Sentiment anti-algérien

"Le courant royaliste présent au sein du RN a toujours milité pour l’amitié avec le Maroc, reprend Pierre Vermeren. Et du côté de Rabat, tout royaliste – qu’il soit en Espagne, au Royaume-Uni ou en France – est un ami potentiel." Parmi ces monarchistes convaincus, citons Bernard Lugan, historien africaniste dont les thèses sont décriées par la plupart de ses pairs. Né à Meknès au Maroc, sympathisant de l’Action française puis membre du FN dans les années 1980, il épouse la théorie du "grand remplacement" et conseillera d’ailleurs le candidat Eric Zemmour lors de l’élection présidentielle de 2022.

Look vieille France, moustache fournie, ce royaliste très apprécié dans les milieux militaires (il a longtemps donné des cours à l’IHEDN ou à l’Ecole de guerre) l’est tout autant des plateaux télévisés marocains. En mai dernier, à l’occasion de la sortie de son ouvrage, Le Sahara Occidental en 10 questions (Ellipses, 2024), il est l’invité de la chaîne Medi1. La présentatrice encense ce "livre phare" qui "expose avec une rare limpidité les raisons de la marocanité du Sahara". "Un argumentaire d’une redoutable efficacité, poursuit-elle […], un legs livré par l’un des plus éminents experts de la question".

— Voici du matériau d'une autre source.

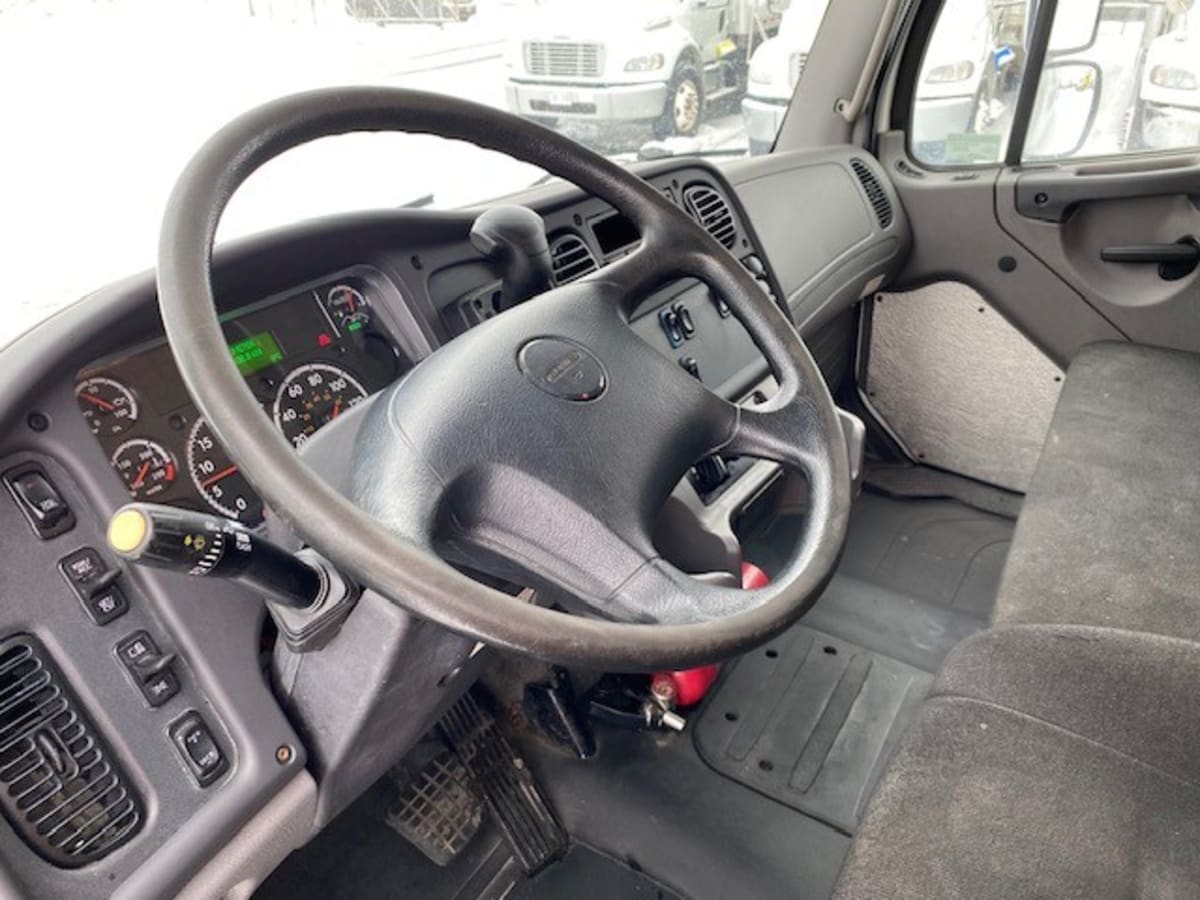 2019 Freightliner/Mercedes M2 106 877231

Lequel n’a de cesse de vilipender l’Algérie. Bernard Lugan nie notamment dans un article publié sur son blog le drame du 17 octobre 1961, lorsqu’une manifestation d’Algériens à l'appel du FLN à Paris a été réprimée dans le sang – un "massacre imaginaire". "Le sentiment anti-algérien est un élément majeur de convergence entre le royaume et le RN, rappelle le journaliste marocain Omar Brousky. C’est notamment un thème mobilisateur dans les familles pieds noirs." Comme le maire RN de Perpignan Louis Alliot, fils d’une rapatriée d’Algérie.

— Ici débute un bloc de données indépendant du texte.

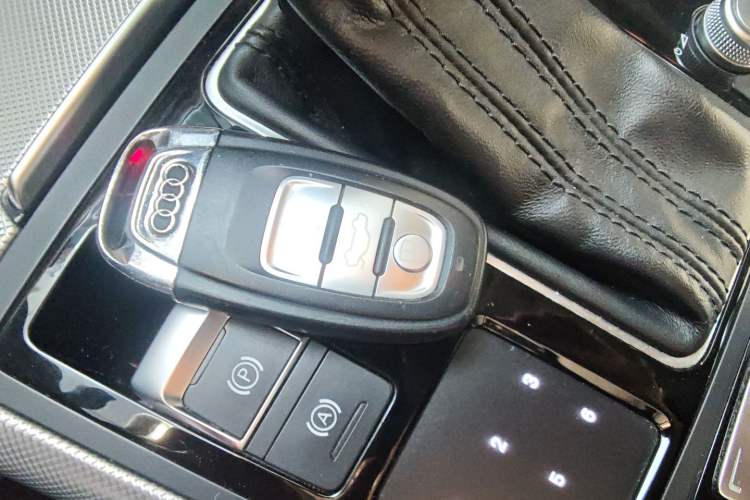 Used Audi A6L 2018 30th Anniversary Edition 35 TFSI Fashion Model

Le jeune Jordan Bardella, plutôt discret sur ce sujet jusqu’à présent, marchera-t-il, s’il gouverne demain, dans les pas des "anciens" du RN ? "Si un gouvernement RN arrive à Matignon, les rapports avec le Palais seront au top !, ironise Omar Brousky. Mais il ne faut pas oublier qu’il y a encore un président qui s’appelle Emmanuel Macron, qui a de très mauvaises relations avec Rabat et que la politique étrangère reste souvent un domaine réservé." Interrogé par le site Le 360, l’ancien conseiller de Marine le Pen, Aymeric Chauprade, affirme sans ambages que "Marine Le Pen reconnaîtra la marocanité du Sahara si elle est élue en 2027." "En mode de cohabitation, le RN ne sera pas en capacité de faire totalement ce qu’il veut sur le plan international, admet-il. En revanche, il sera en capacité de freiner, bloquer, modérer le président Macron sur un certain nombre d’initiatives."

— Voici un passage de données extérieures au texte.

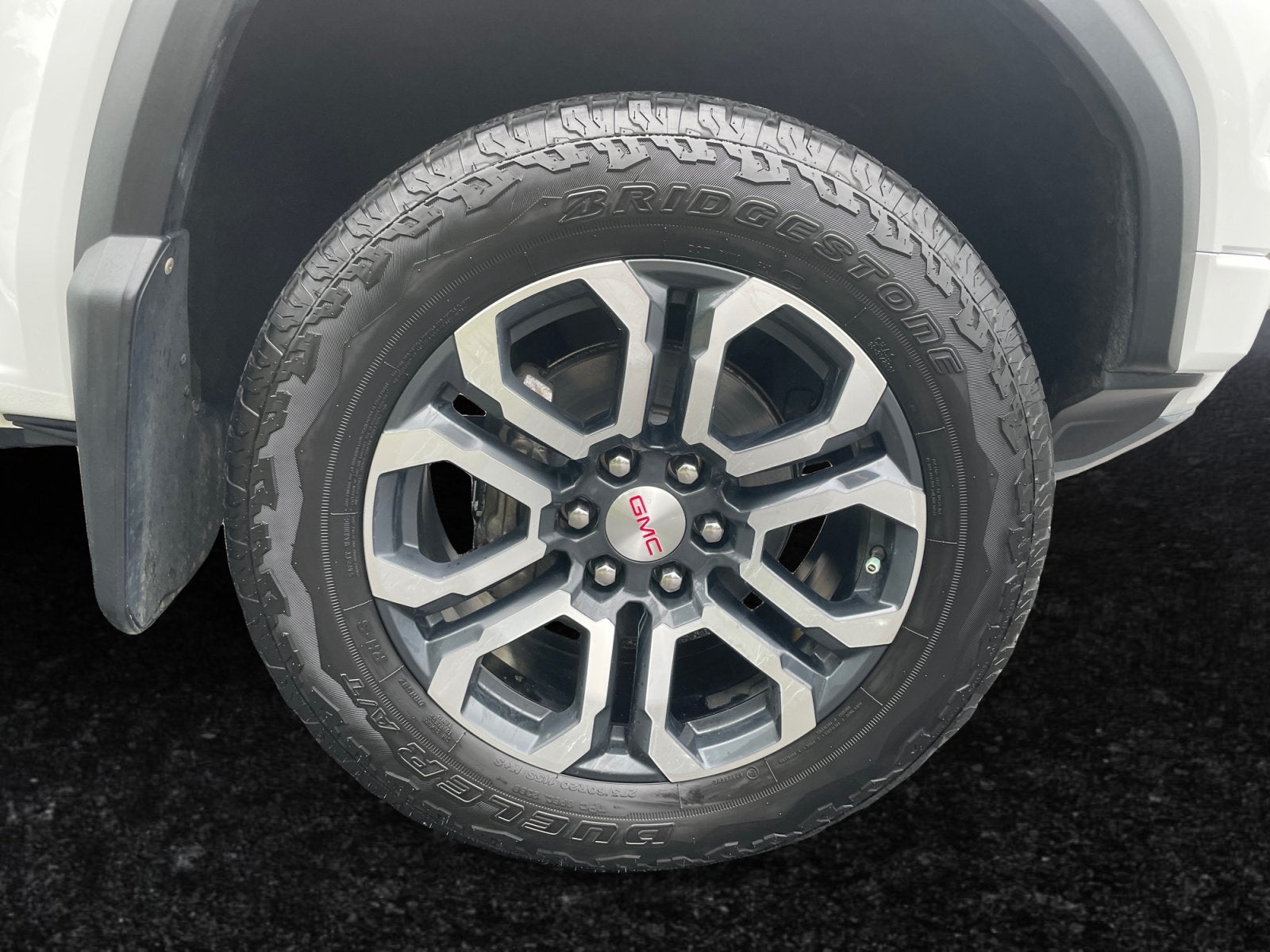 2024 GMC Canyon AT4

Aux côtés de Jordan Bardella, un homme devrait lui aussi œuvrer en ce sens : Eric Ciotti, le patron des Républicains nouvellement allié au RN, a rencontré le 5 mai 2023 le Premier ministre marocain Aziz Akhannouch. Le jour même, il s’affichait à la Une de l’un des hebdos les plus lus du Maroc, aux côtés de Rachida Dati. Avec ce titre sans équivoque : "Nous reconnaissons la souveraineté du Maroc sur le Sahara occidental".